THE hunt for Neil Lennon's second No.2 is on.

But, what is the identikit picture of an assistant manager?

The Hoops boss had no hesitation in picking Johan Mjallby to stand by his side when he was handed the chance to manage the Parkhead club in March 2010.

But, with the Swede serving his notice, all eyes are on who Lennon selects to fill his not-inconsiderable boots.

At any club, having a trusted No.2 is essential. At Celtic, where the pressure and scrutiny is more intense than at any other club in the country, that is multiplied many times over.

Gordon Strachan - who brought Lennon into the management team at the club when Tommy Burns took ill in 2008 - knows that only too well.

From his first days as a player-manager, at Coventry in 1996, he leaned heavily on Garry Pendrey, who followed him to Southampton, Celtic and finally Middlesbrough.

They not only shared a birthday, but also a philosophy on football, and managing players.

Not that Pendrey was any kind of yes man. That would have defeated the purpose of his presence alongside Strachan.

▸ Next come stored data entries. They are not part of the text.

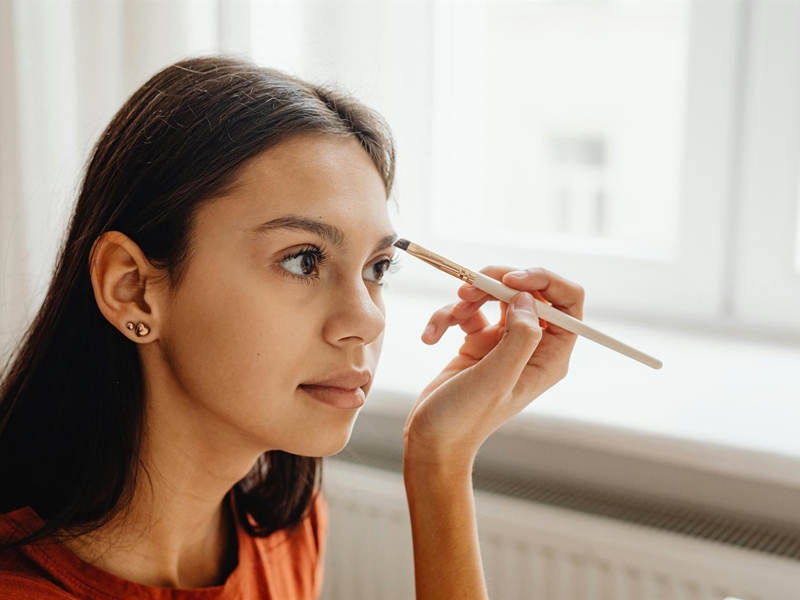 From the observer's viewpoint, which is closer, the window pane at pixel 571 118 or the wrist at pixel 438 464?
the wrist at pixel 438 464

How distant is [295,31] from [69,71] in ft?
1.30

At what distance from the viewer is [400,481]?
4.69 feet

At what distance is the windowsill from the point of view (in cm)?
117

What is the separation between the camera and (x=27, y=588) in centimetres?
87

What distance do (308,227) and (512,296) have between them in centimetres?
24

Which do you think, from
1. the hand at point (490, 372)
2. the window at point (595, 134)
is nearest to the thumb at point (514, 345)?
the hand at point (490, 372)

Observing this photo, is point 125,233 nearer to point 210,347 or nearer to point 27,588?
point 210,347

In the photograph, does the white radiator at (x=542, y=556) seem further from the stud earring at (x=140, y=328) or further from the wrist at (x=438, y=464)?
the stud earring at (x=140, y=328)

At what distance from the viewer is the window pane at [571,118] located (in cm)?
166

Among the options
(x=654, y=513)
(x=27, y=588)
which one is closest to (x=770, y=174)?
(x=654, y=513)

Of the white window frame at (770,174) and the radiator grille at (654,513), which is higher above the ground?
the white window frame at (770,174)

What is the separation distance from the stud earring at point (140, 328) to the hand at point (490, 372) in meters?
0.30

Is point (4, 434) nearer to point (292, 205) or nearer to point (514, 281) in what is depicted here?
point (292, 205)

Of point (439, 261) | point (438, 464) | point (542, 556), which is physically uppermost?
point (439, 261) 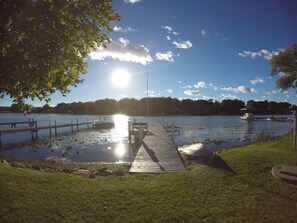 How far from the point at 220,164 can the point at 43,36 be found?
32.0ft

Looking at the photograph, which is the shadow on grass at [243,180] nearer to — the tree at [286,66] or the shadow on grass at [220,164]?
the shadow on grass at [220,164]

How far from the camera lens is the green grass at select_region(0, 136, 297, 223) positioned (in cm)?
686

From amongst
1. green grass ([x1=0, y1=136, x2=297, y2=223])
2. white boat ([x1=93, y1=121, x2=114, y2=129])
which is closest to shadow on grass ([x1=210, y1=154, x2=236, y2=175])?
green grass ([x1=0, y1=136, x2=297, y2=223])

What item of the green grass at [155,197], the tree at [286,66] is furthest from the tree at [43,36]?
the tree at [286,66]

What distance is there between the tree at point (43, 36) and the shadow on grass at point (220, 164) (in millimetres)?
7828

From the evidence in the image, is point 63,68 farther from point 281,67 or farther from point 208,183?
point 281,67

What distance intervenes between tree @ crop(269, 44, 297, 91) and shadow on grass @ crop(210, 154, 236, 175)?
71.5 feet

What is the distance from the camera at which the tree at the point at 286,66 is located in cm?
2814

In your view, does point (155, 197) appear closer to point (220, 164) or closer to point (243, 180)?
point (243, 180)

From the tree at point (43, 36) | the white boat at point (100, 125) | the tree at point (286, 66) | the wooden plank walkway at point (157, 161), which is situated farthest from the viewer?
the white boat at point (100, 125)

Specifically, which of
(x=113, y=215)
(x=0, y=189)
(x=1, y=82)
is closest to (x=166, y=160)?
(x=113, y=215)

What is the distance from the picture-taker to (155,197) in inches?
320

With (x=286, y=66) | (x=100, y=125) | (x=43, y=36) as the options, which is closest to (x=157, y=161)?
(x=43, y=36)

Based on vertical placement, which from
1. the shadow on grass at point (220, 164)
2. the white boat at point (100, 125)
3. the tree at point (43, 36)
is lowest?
the white boat at point (100, 125) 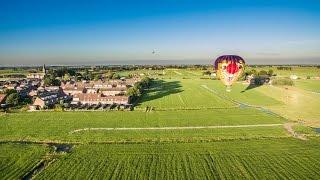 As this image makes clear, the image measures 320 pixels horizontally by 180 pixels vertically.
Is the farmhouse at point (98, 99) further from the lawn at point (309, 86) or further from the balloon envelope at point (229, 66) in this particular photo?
the lawn at point (309, 86)

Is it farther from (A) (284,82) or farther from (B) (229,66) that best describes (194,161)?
(A) (284,82)

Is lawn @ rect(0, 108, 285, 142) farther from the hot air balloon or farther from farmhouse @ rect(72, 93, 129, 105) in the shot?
farmhouse @ rect(72, 93, 129, 105)

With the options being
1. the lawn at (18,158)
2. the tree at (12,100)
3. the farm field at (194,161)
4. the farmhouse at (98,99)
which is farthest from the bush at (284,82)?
the lawn at (18,158)

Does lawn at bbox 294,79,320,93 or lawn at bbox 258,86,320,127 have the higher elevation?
→ lawn at bbox 294,79,320,93

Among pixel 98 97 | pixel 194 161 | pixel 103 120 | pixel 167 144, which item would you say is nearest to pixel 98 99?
pixel 98 97

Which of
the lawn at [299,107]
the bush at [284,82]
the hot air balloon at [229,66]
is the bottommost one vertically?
the lawn at [299,107]

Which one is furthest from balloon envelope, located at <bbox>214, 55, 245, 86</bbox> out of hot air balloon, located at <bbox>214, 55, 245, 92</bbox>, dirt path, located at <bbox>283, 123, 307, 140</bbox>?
dirt path, located at <bbox>283, 123, 307, 140</bbox>

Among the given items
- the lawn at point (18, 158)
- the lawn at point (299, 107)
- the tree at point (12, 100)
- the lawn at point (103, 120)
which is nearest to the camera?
the lawn at point (18, 158) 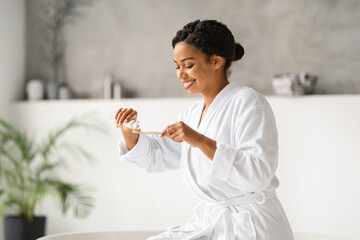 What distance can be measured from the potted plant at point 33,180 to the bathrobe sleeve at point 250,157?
2495 millimetres

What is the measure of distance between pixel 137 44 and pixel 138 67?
7.5 inches

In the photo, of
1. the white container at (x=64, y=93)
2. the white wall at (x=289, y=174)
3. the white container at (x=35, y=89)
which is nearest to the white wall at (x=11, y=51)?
the white container at (x=35, y=89)

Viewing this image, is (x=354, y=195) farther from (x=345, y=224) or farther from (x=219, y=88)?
(x=219, y=88)

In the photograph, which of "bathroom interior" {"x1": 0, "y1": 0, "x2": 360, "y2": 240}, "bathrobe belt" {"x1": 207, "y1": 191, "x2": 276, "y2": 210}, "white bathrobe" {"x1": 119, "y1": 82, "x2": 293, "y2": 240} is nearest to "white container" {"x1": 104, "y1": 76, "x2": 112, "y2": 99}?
"bathroom interior" {"x1": 0, "y1": 0, "x2": 360, "y2": 240}

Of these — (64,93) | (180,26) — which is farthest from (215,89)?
(64,93)

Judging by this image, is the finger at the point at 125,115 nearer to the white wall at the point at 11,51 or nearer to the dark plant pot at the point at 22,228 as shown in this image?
the dark plant pot at the point at 22,228

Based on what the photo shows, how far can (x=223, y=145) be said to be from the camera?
187cm

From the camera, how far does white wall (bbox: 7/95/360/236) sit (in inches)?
147

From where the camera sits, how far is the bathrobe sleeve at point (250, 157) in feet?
6.09

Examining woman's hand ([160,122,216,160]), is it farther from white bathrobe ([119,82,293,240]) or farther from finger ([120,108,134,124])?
finger ([120,108,134,124])

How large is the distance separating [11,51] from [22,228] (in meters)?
1.55

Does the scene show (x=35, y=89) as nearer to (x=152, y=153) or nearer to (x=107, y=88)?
(x=107, y=88)

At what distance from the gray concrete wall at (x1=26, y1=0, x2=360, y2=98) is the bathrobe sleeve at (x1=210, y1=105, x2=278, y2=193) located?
2205mm

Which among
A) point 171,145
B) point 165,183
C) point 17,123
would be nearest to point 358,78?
point 165,183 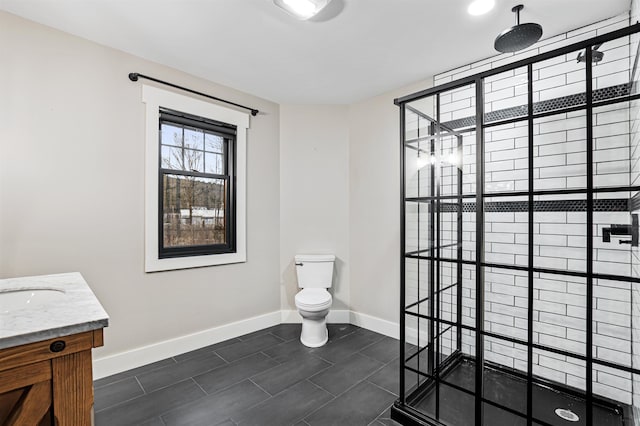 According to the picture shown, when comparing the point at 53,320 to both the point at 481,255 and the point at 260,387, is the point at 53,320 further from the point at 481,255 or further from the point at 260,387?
the point at 481,255

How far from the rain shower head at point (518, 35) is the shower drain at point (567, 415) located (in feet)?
7.66

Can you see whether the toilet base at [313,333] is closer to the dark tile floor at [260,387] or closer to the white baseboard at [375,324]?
the dark tile floor at [260,387]

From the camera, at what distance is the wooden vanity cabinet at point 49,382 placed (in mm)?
889

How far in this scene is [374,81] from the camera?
9.77 feet

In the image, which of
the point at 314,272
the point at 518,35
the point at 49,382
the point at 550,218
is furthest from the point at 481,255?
the point at 314,272

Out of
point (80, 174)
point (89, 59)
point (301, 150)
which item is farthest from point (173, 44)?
point (301, 150)

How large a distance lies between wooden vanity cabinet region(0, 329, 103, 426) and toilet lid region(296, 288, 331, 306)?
6.33 feet

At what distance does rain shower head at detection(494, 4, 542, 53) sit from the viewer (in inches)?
74.8

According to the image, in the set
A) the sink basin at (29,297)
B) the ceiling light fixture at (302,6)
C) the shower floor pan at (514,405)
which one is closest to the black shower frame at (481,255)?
the shower floor pan at (514,405)

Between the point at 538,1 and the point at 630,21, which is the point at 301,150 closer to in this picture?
the point at 538,1

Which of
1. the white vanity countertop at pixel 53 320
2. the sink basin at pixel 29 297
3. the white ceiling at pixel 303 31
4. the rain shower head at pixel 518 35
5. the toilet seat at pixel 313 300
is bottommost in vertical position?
the toilet seat at pixel 313 300

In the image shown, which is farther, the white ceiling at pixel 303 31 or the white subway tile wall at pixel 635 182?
the white ceiling at pixel 303 31

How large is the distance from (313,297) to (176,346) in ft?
4.20

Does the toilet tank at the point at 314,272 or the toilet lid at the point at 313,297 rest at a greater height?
the toilet tank at the point at 314,272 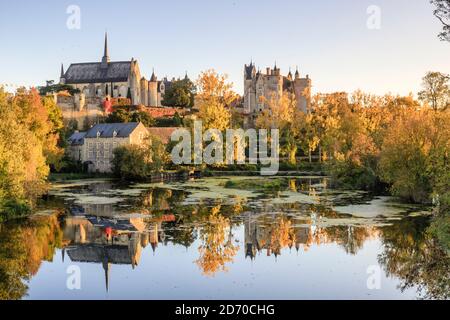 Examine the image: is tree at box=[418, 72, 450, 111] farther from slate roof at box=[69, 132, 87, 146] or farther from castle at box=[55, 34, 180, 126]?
castle at box=[55, 34, 180, 126]

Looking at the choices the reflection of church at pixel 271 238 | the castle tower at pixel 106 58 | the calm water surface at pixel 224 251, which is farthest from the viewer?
the castle tower at pixel 106 58

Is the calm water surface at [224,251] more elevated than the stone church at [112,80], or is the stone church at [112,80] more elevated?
the stone church at [112,80]

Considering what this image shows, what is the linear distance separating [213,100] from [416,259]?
127ft

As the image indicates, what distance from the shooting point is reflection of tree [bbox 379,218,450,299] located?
14133 millimetres

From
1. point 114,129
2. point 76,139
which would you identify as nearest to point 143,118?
point 76,139

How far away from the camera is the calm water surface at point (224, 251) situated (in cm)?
1398

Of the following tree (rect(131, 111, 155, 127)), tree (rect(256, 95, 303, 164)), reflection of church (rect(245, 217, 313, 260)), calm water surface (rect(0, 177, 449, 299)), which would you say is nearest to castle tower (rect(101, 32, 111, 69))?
tree (rect(131, 111, 155, 127))

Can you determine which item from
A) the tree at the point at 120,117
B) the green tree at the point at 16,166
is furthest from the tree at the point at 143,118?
the green tree at the point at 16,166

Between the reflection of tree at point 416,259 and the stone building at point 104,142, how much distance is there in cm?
3936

The man who won three SPL championships with the Hoops and led them to the Champions League last 16 for the first time explained: "As a manager, it is great to have an assistant like Garry because there are times when they are there to make you think.

"They make you think of alternatives: They make you think about consequences.

"At the end of the day, they don't tell you what to do, and it is still up to you as manager.

"But, they have got to be 100% behind you because, if they are not, the players can sniff that.

"They can suss if the assistant is not backing what the manager is doing completely.

"That would then cause a problem in the dressing room because players can play on that and use it as an excuse.

"Your assistant has also got to be like a psychologist, because they have got to speak to you when you are down.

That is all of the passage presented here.